The final for men was particularly exciting in that we had two athletes qualified for the World Championships final for the first time in a number of years. Army PFC Nathan Schrimsher was a pleasure to watch compete. Still a junior and only a few months out of boot-camp and in his first year as a member of the Army’s World Class Athlete Program, Nathan performed admirably. He fenced and swam solidly and joined 2012 Olympian teammate Sgt. Dennis Bowsher in the combined placed in 11th and 8th respectively.

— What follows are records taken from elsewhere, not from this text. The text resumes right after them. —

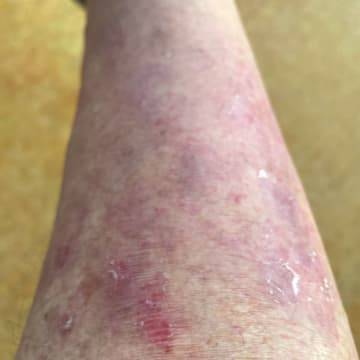 close up of a woman's leg showing decreased symptoms of eczema on the skin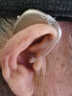 奥迪康oticon智能降噪隐形丹麦芯片老年人耳聋耳背式助听器Jet2BTE 双耳 实拍图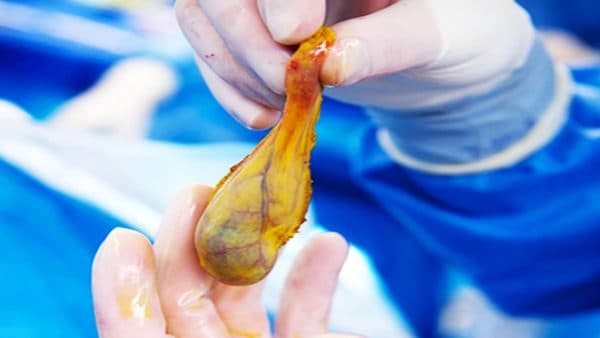 Điều trị trường hợp có polyp ở túi mật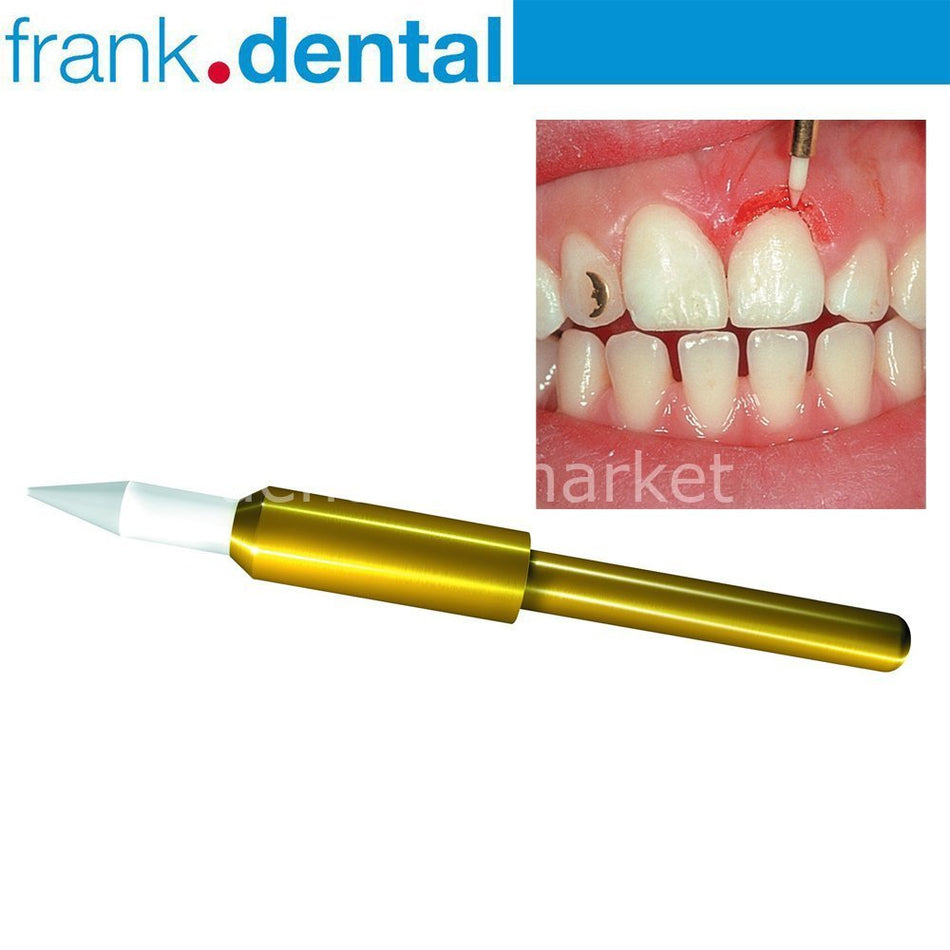 Soft Tissue Gingiva Trimmer Burs - Ceramic Gingiva Bur - GT48L - STT249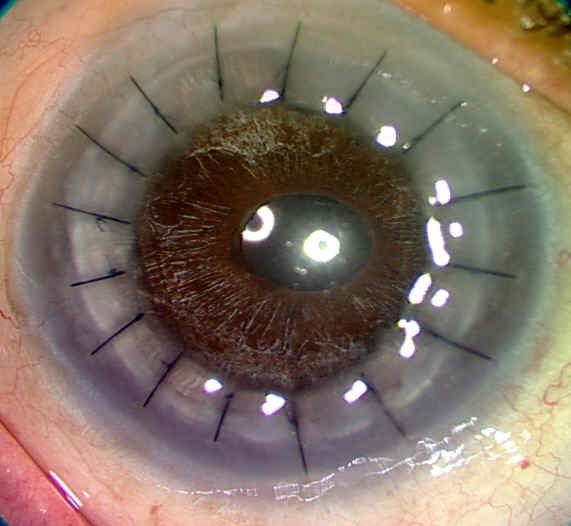 Cornea Transplant Surgery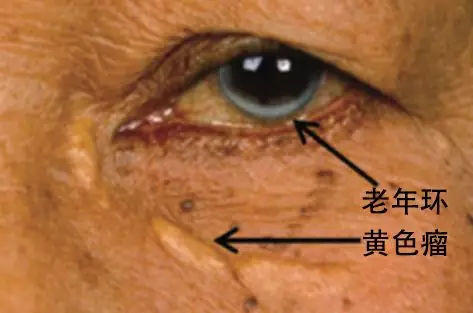 高血脂|手腳是血脂升高的“警示燈”？血脂正常不正常，看3個地方就知道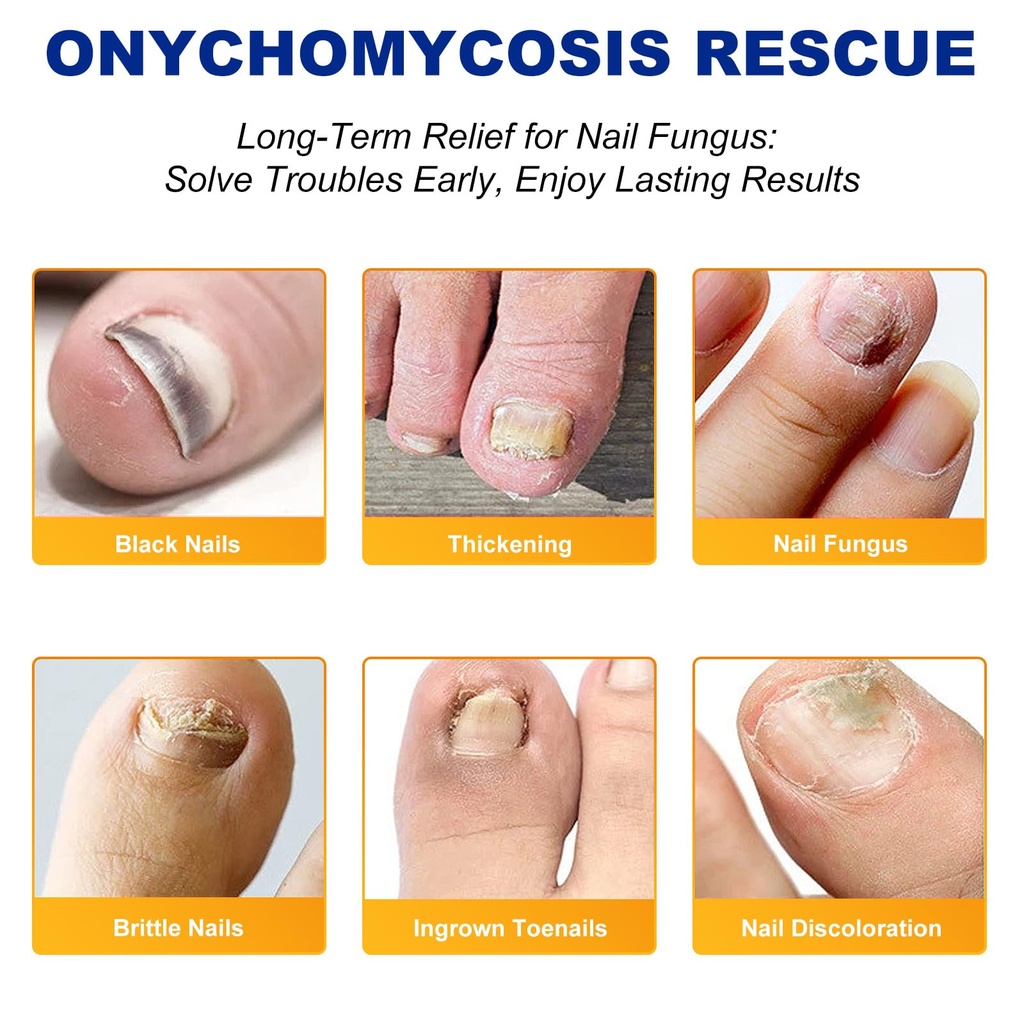 nail-patches-32-pcs-toenail-treatment-ex-6.jpg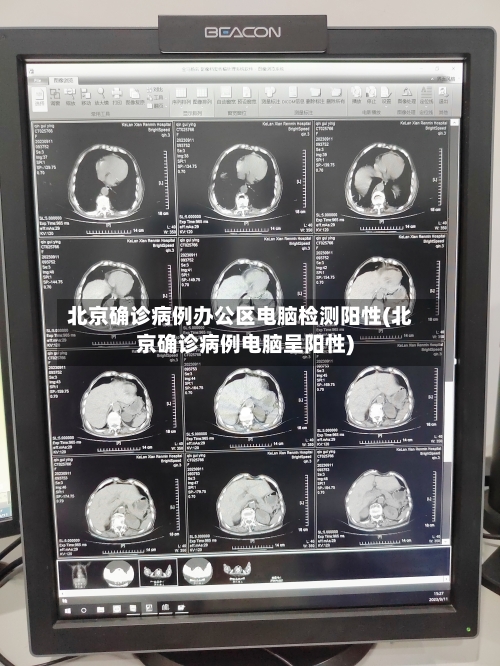 北京确诊病例办公区电脑检测阳性(北京确诊病例电脑呈阳性)-第1张图片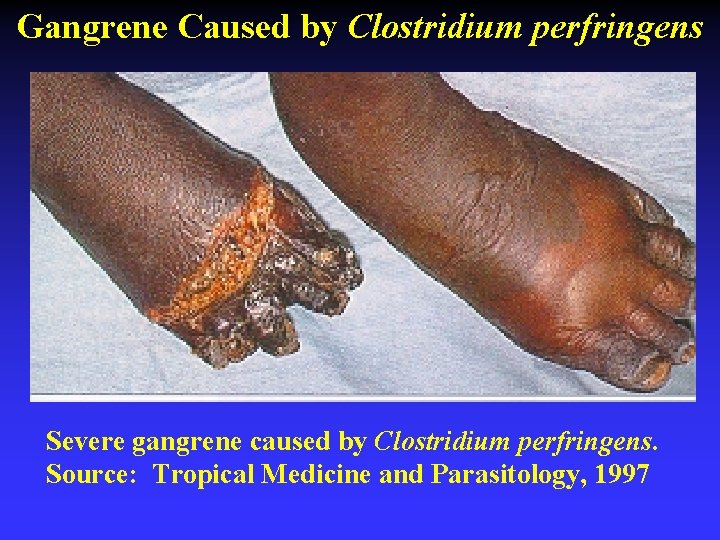 Gangrene Caused by Clostridium perfringens Severe gangrene caused by Clostridium perfringens. Source: Tropical Medicine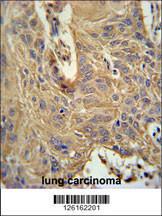 Anti-IL5RA Rabbit Polyclonal Antibody (FITC (Fluorescein Isothiocyanate))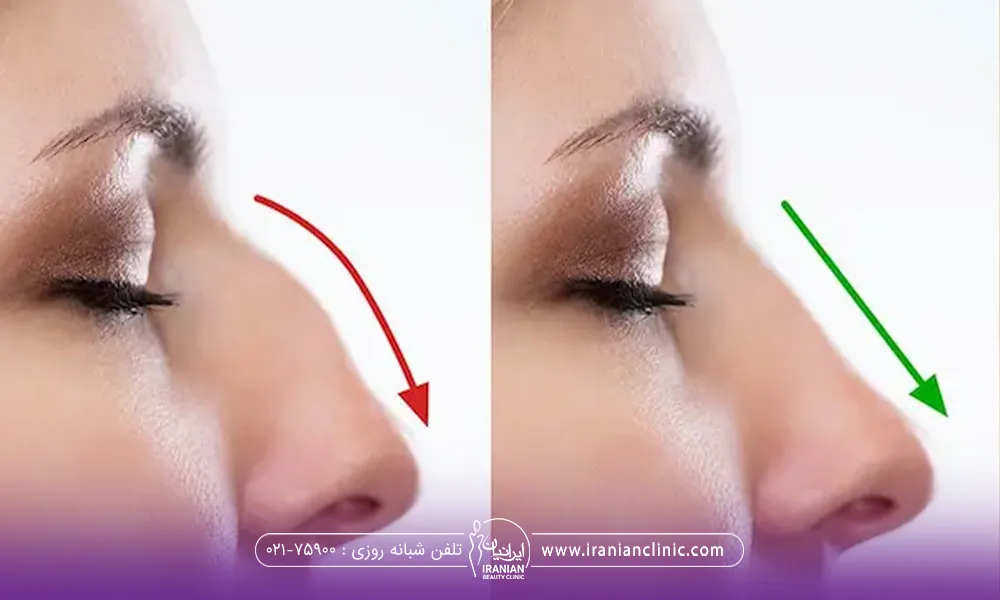 عکس قبل و بعد دختری که عمل بینی انجام داده است و قوز بینی او رفع شده است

The combined event was where the athletes rose to the occasion. Dennis shot and ran himself into 11th place against the best field in the world while Nathan received a lesson in how much more work he needs to do to be competitive in the running discipline falling to 27th place. However we need to underscore the fact the men competed to the best level in years and showed us that our men’s program may have a future as bright as our women’s.
The first relay was the Mixed relay event consisting of 20 nations qualified and which is still under consideration to be an Olympic event in 2016. Team USA consisted of US senior national champions Margaux Isaksen paired with Nathan Schrimsher. Again, these fine athletes showed the world just how far the USA has come in recent years. Their fencing result exceeded expectations by over 100 points. They swam well and then entered the riding event as one of the favorites. Each athlete pulled one rail over a challenging course and entered the combined event in 5th place. Against very strong teams the USA stayed the course, shot and ran well and were able to hold onto their 5th place ranking.
In the remaining women’s and men’s relays Team USA took the opportunity to use these events as a way to gain more experience for our athletes. In both relays there were ups and downs seemingly in each discipline. It is fair to say that the experience gained in these relays was invaluable and will be an important stepping stone in the careers of every team member.